The amount was equivalent to 66.6 per cent of the year’s tax revenue, which ended the year at GH¢42.41 per cent.
The budget now estimates that compensation of public workers would rise by about seven per cent to GH¢30.3, equivalent to 26 per cent of the year’s projected total expenditure.
The deputy minister noted that although the government was concerned about the strong growth of the compensation bill, given its impact on the economy, it found it necessary to adequately compensate workers for their toils.
He said the government would continue to prioritise the incomes of workers, with the hope that they would replicate the gesture to help grow the economy for increased earning and higher incomes.

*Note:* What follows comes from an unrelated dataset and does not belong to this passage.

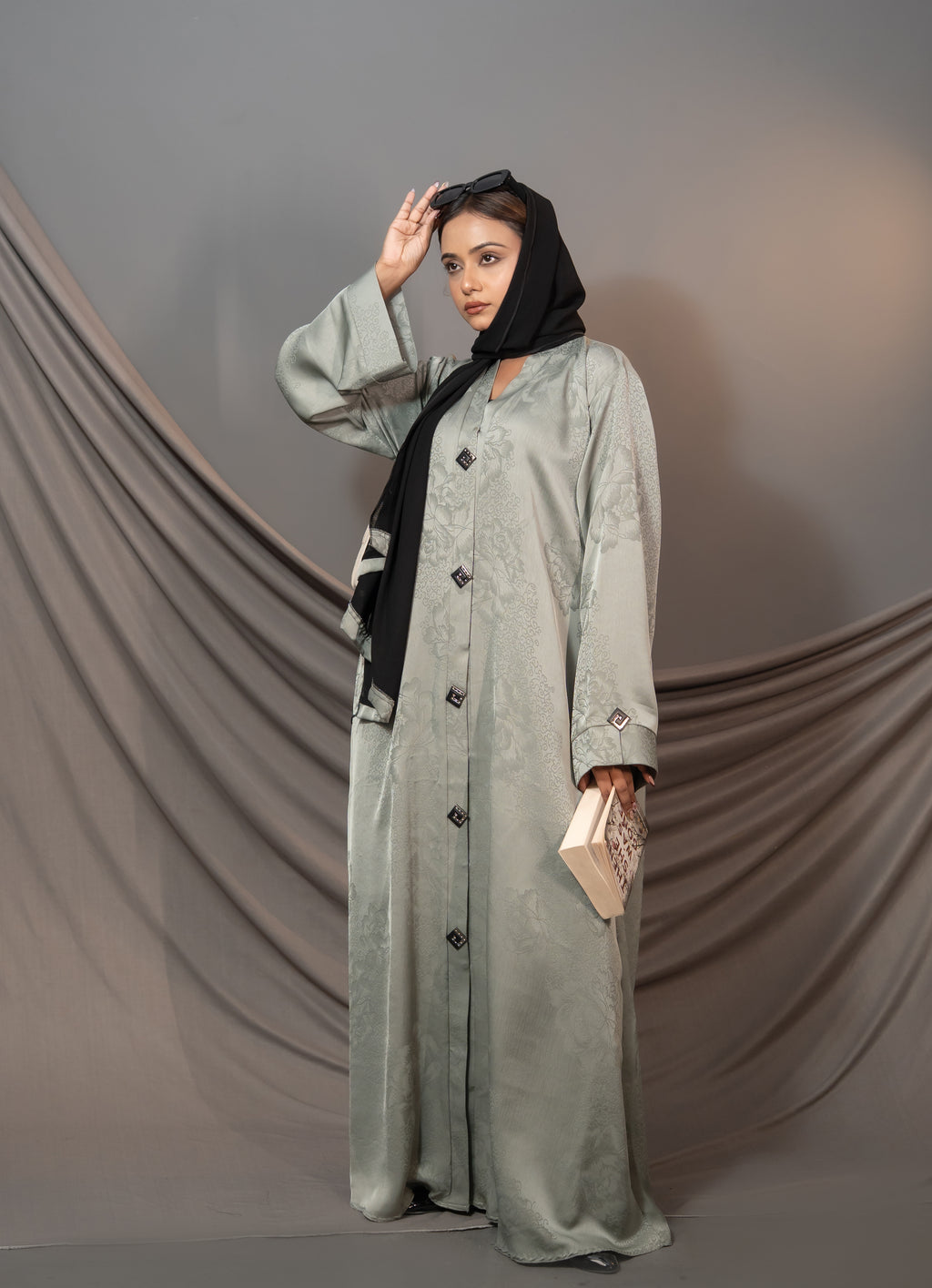 Serein Sage Abaya – Floral Jacquard & Contrast Detail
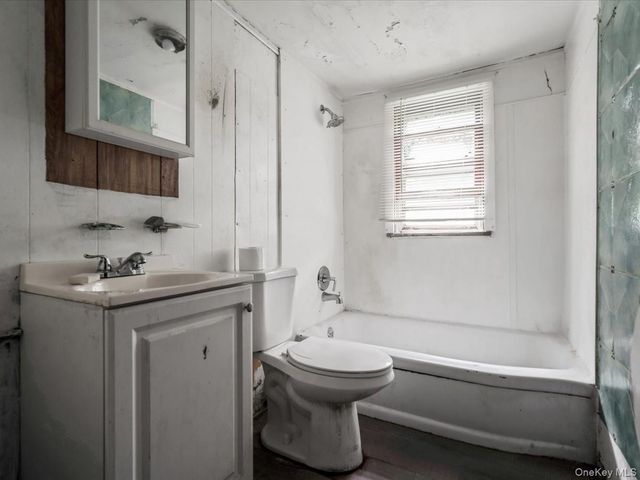 130 Lemon Street, Central Islip, NY 11722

The development economist appealed to workers to cultivate and nurture good work ethics, including proper time management and the adoption of information and communication technology (ICT) to enhance their delivery.
He said time management had been found to be one of the biggest issues holding back output and called on workers to make it a habit to come to work early to help increase output.
"It is not that when you come early, you will automatically work hard or better but once you are in the office on time, it is an indication that you are ready to work and that is a positive start," he said.
Mr Wireko-Brobbey also noted the need for workers to utilise technology to advance their expertise rather than allowing social media to distract them.